The Associated Locksmiths of America (ALOA) was founded in 1955. The executive secretary was Lee Rognon of Modena, New York, with the organization establishing its first headquarters in Kingston, a city located about 25 miles north of Modena.

The group held its first biennial convention in Chicago from July 14–16, 1956, at the Sherman Hotel, bringing together locksmiths from around the country. The 1956 National Convention and Trade Show was directed and managed by Robert Rognon, husband of Lee Rognon. The show was expected to draw 3,000 participants from 46 of the 48 American states.

The 1958 ALOA National Convention was again held at the Sherman Hotel in Chicago, and was a two-day affair, running the weekend of July 19–20. Among the activities conducted by the convention was a lock-picking contest, with Glen Hickenlooper of Salt Lake City, Utah, proclaimed the national champion for a second time.

ALOA Executive Director and Treasurer Lee Rognon as she appeared in 1961.

In 1960, ALOA turned to Washington, D.C., as the location for its third biennial convention, also held in the middle of July. About 1200 members of the organization were in attendance, where they were viewed demonstrations of new burglary-prevention devices and were photographed and fingerprinted for identification in an effort to raise professional standards for locksmiths. The convention once again was the scene of a lock-picking competition, in which Flora E. Gebhart of Shamokin, Pennsylvania, won the women's division with a time of 1 minute and 41 seconds to pick a standard door lock.

During the early 1970s the Associated Locksmiths produced two short educational films as part of an outreach program highlighting security issues with owners of homes and businesses. The first of these, Invitation to Burglary, narrated by actor Raymond Burr, dealt with residential crime and its prevention, while the second, Rip Off, narrated by actor Henry Fonda, concerned the security problems of business and industry. Both of these short films were made available for use by ALOA to groups able to raise an audience of 25 persons or more.

===Relocation===
The headquarters of the Associated Locksmiths of America was moved from Kingston, New York, to Dallas, Texas, in the summer of 1973. In addition to its executive offices, the group moved its central library of literature related to the history and practice of locksmithing to its new Dallas facility at this time.

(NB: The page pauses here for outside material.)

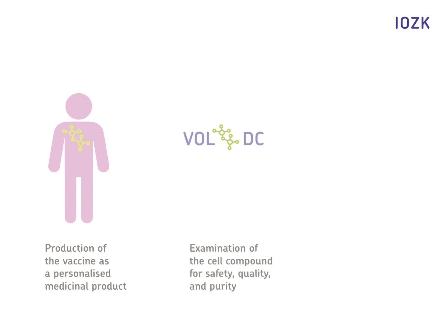In the framework of our immune therapy, the vaccine is produced as a personalized medicinal product for the patient, according to the Medicines Act. The vaccine, VAL-DC, is an innovative treatment. VAL stands for Viral Oncolysate, DC for dendritic cells. Through multiple vaccinations, the cancer cells are destroyed and a lasting immunological memory is built.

Lee Rognon remained Executive Director of ALOA at the time of the organization's move.

==Organization==
=== Security Expo ===
ALOA hosts a Security Expo which consists of classes, networking events, exhibits, and the annual membership meeting. The 2022 ALOA Security Expo was held at the South Point Hotel, Casino & Spa in Las Vegas. The 2023 ALOA Security Expo was held at the Hilton Orlando Lake Buena Vista in Orlando, Florida.

=== Certifications ===
ALOA holds frequent proficiency certification sessions for experienced locksmiths. Through its Proficiency Registration Program (PRP), ALOA offers five locksmith membership designations: (1) Registered Locksmith (RL); (2) Certified Registered Locksmith (CRL); (3) Certified Professional Locksmith (CPL); (4) Certified Master Locksmith (CML); and (5) Certified Automotive Locksmith (CAL)

=== ALOA LATINO ===
The group also conducts a membership program for locksmiths in Mexico and the Spanish-speaking diaspora called "ALOA LATINO."

===Safe and Vault Technicians Association===

ALOA owns the Safe and Vault Technicians Association (SAVTA) and proctors the examinations for its specialty certifications, which include Certified Professional SafeTech (CPS) and Certified Master Safe Technician (CMST).

===Publication===

ALOA publishes a monthly digital and paper magazine for its members called Keynotes.